Bonnie June Billy..Woohoo!!

Will Oldham is bringing his freakishly gurning mouth, beard and genius to Vicar Street on June 15th. So says Jim Carroll on his blizzog (hyperlink thingy not working so just go to On The Record). Not sure about tix yet but this is already my summer highpoint. Now I need Joanna Newsom to come back and I'll pop my clogs happy. I said clogs.

Oh and also, Fran Cosgrove is doing a DJ set in Zanzibar on Saturday night so warm up your flame-throwers people. Warm 'em up goooooood. toasted Franmallows for all.

Tuesday, April 29

Knowing meme knowing youyou. Aha.

So Gardenhead 'tagged' me for this MeMe thingy and I have become more interested than I thought i might on first glance. Many thanks for giving me the chance to snoop around other people's accounts and find out things about them.

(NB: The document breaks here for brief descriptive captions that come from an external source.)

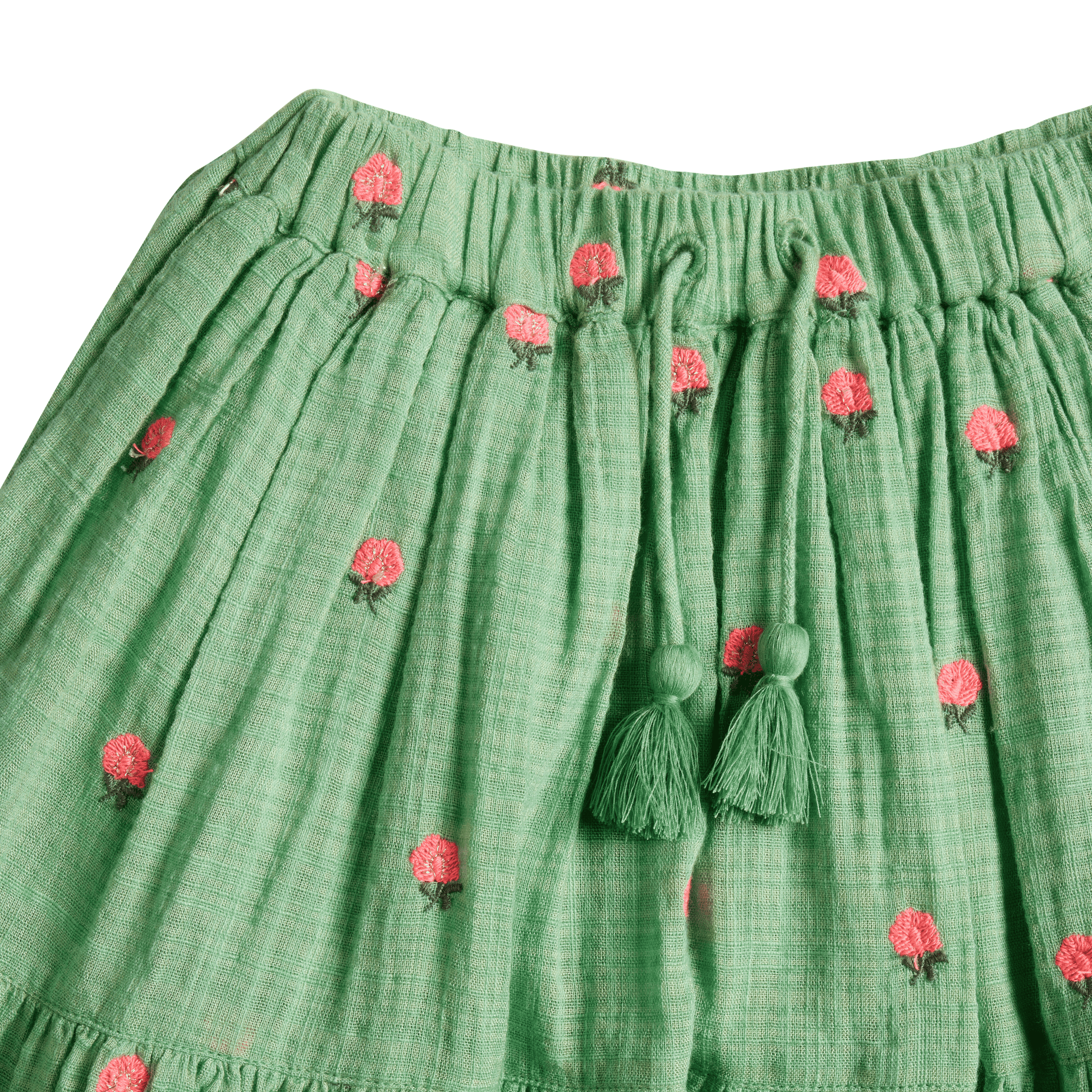 Jupe Albi - Fleurs vert
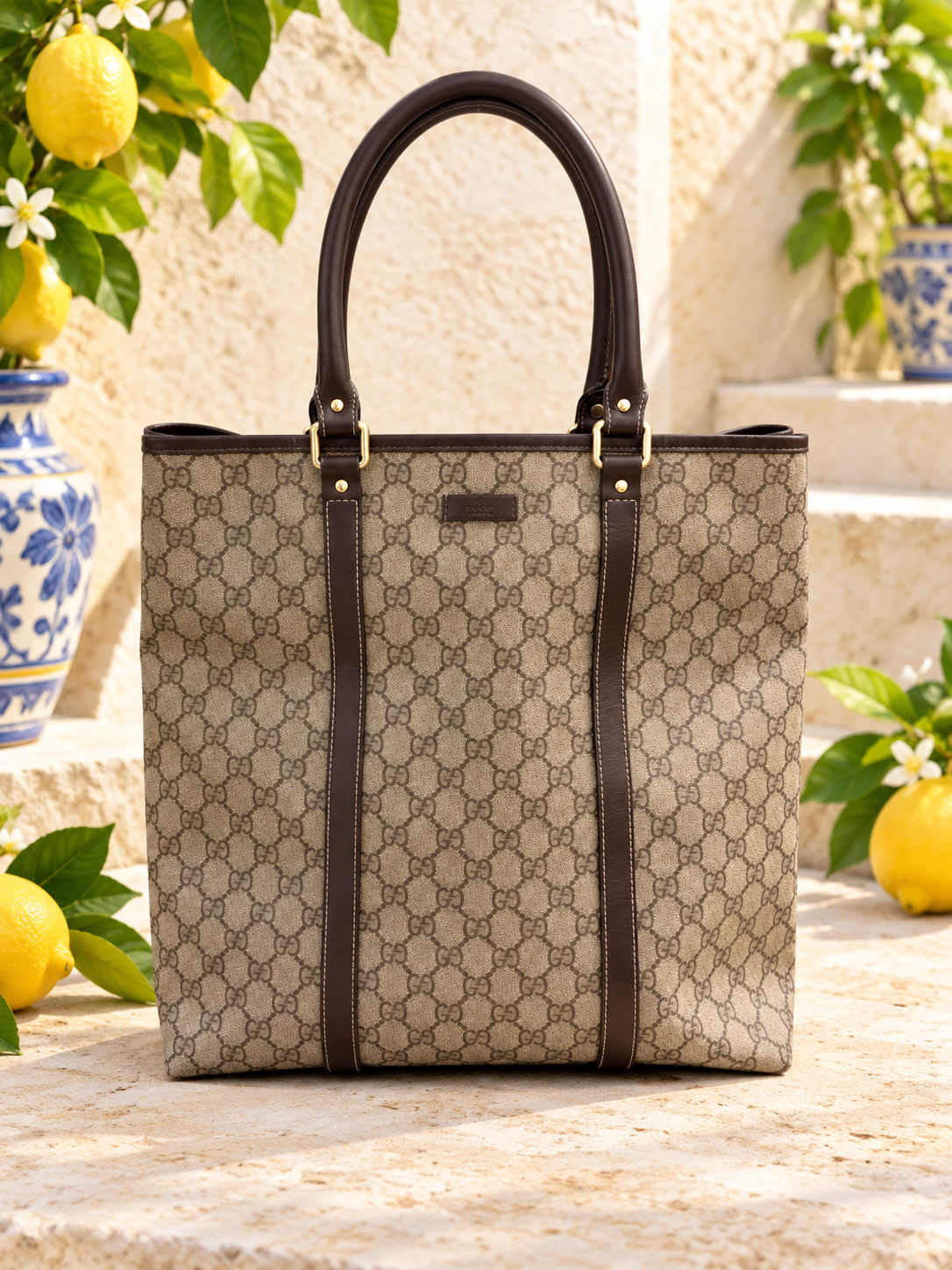 Gucci GG Supreme Joy Vertical Totebag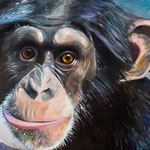 Affe - Öl auf Leinwand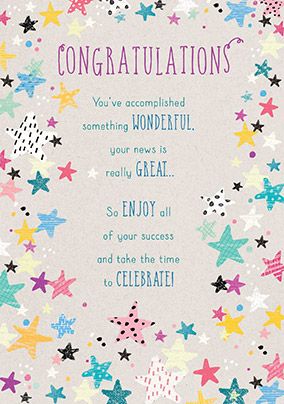 Time to Celebrate! Congratulations Card | Funky Pigeon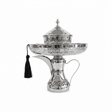 Silver Metal Candy Tray with Dallah Base - 30×23 cm - Al Kabayel Discount CentreSilver Metal Candy Tray with Dallah Base - 30×23 cmServing TraysAKDCAl Kabayel Discount Centre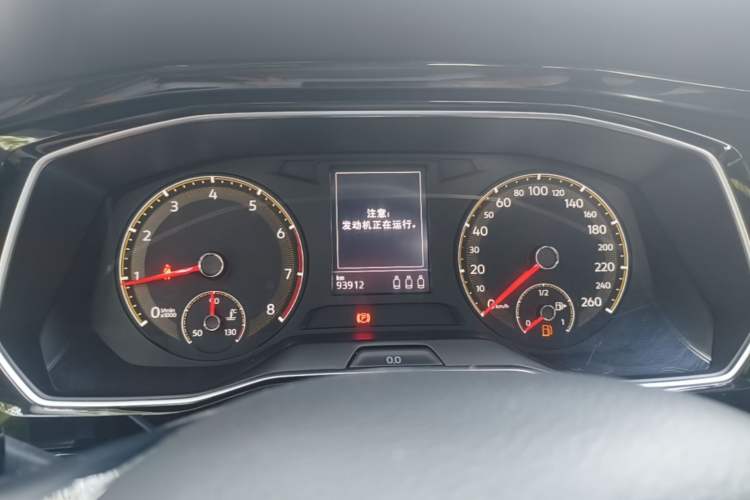 Used Volkswagen Sagitar 2020 280TSI DSG Comfort Version China VI Standard Instrument Cluster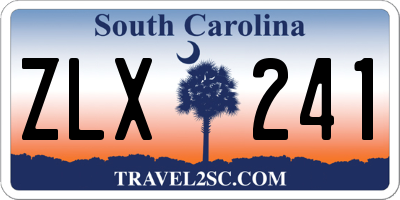 SC license plate ZLX241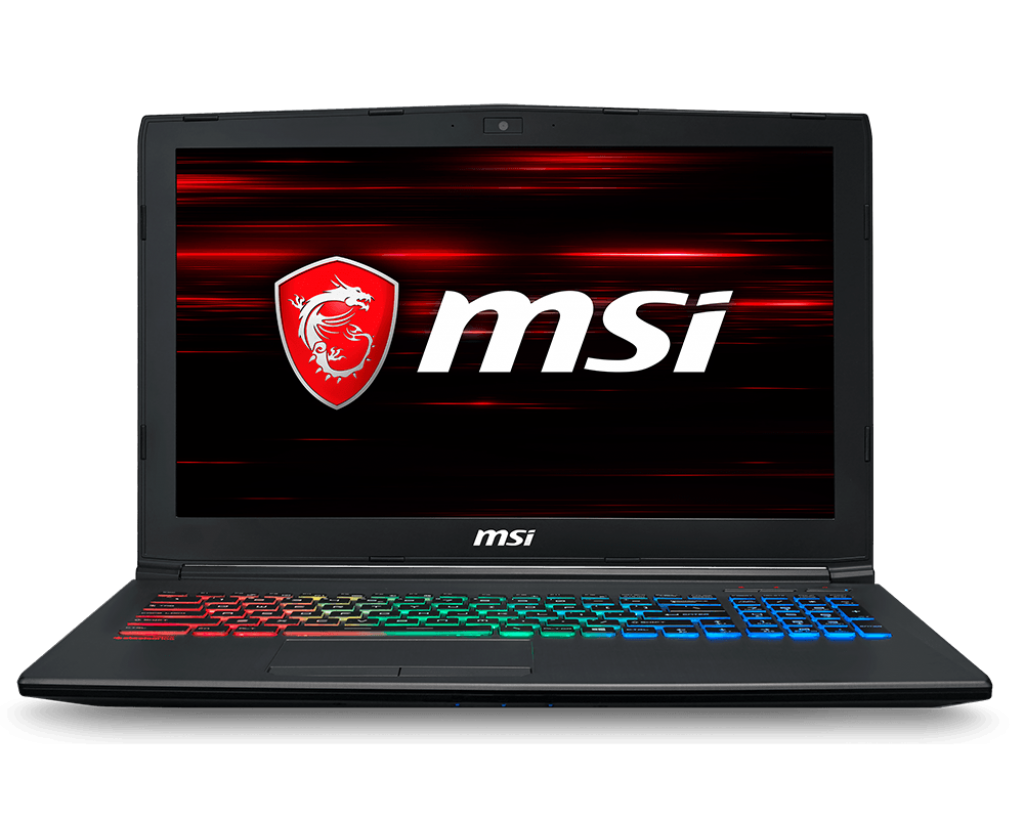 Notebook MSI GF62 8RD 15.6 Full HD Intel Core i5-8300H GTX 1050 Ti-4GB RAM 8GB HDD 1TB + SSD 128GB FreeDOS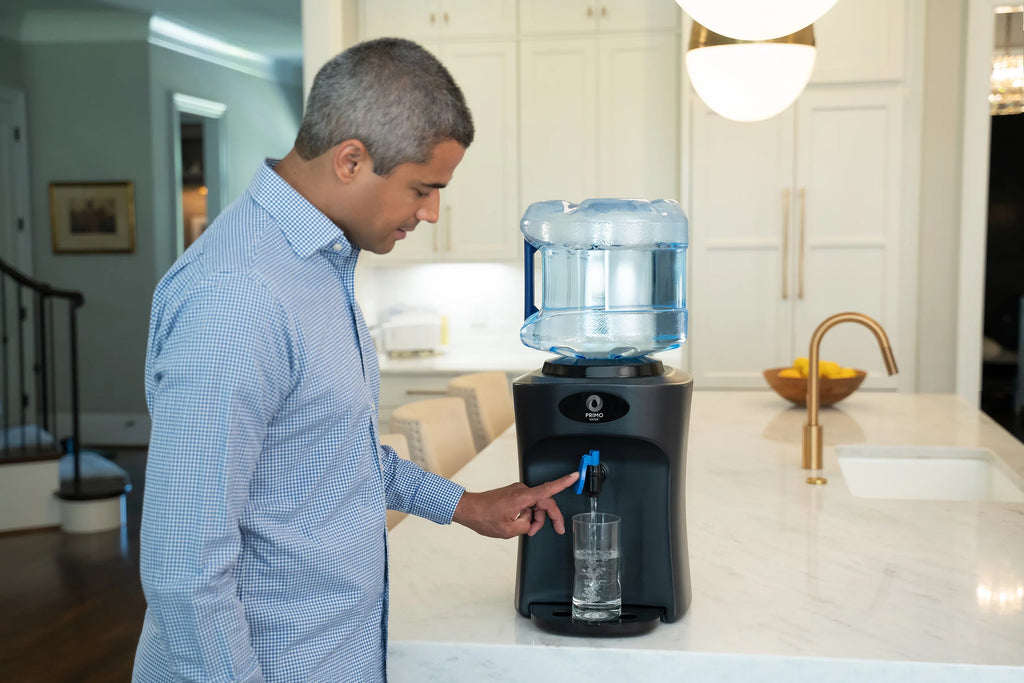 5 Room Temperature, Countertop 3 Water Black, Dispenser Gallon or Primo Top Loading,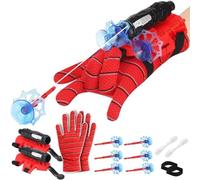 Set di 2 Launcher Glove, Guanti di Spider, Guanti Launcher per Giochi, Spiderm Guanti per Bambino, Spider Web Launcher Toy, Guanti da lanciatore per Bambin
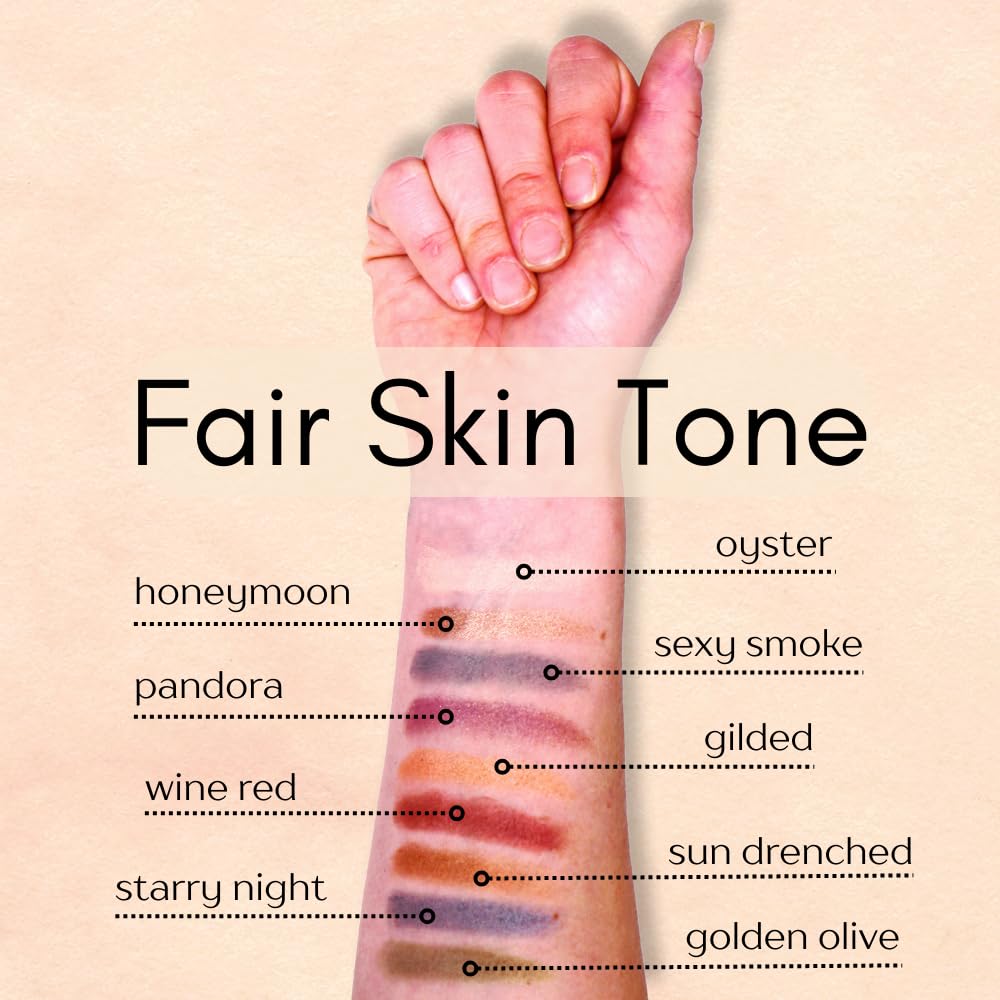 Pandora Purple Plum Dark Shimmering Eggplant Pressed Powder Single Vegan Eyeshadow; Talc, Paraben & Cruelty Free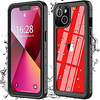 Phone Case for iPhone 13 Pro Max Waterproof Case Shockproof Dustproof Built-in Screen Protector IP68 Full-Body Cover Outdoor Waterproof Case for iPhone 13 12 Pro Max 11 SE 2020 X XR XS Max 8 7 miniinthebox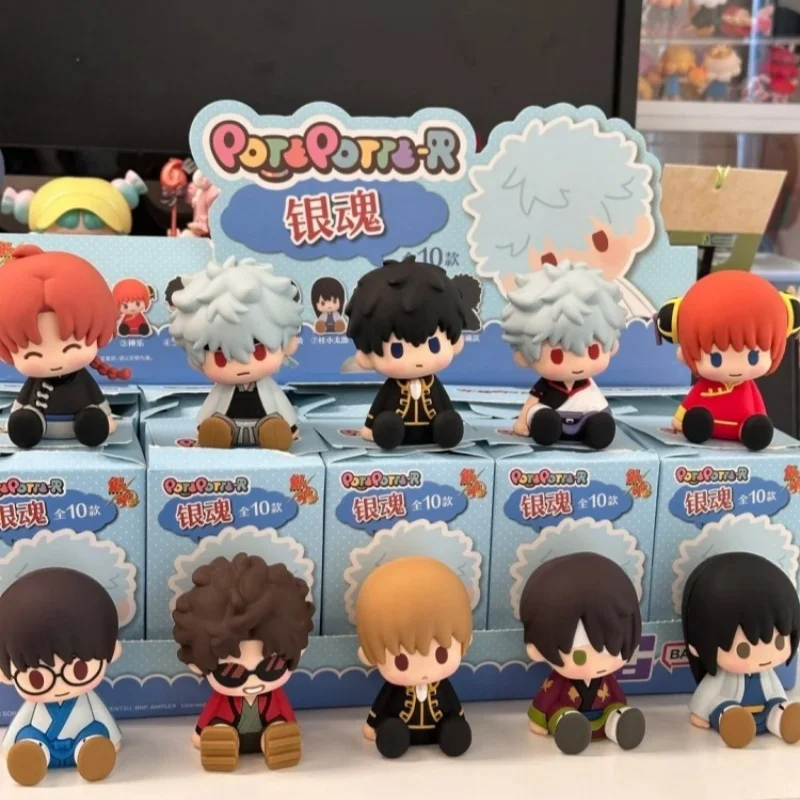 

Подлинная Potepotte-R Gintama капельный клей сидячее положение серай слепая коробка Q версия Kagura аниме фигурки классические комиксы модная игрушка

I'm gonna dispense with my cynicism and jump arse first into this.

Rules are..

Link to the person that tagged you.
Post the rules on your blog.
Write six random things about you in a blog post.
Tag six people in your post.
Let each person know they are tagged by leaving a comment on their blog.
Let the taggee know your entry is up.

Here's my random dingleberries, hanging below:

1) I can fit the entire top of a pint glass in my mouth and usually drink most of the contents, without using my hands (to hold the glass, not to drink with...that would be mad, like the concept of Alien Nation). People who are pissed seem to enjoy this.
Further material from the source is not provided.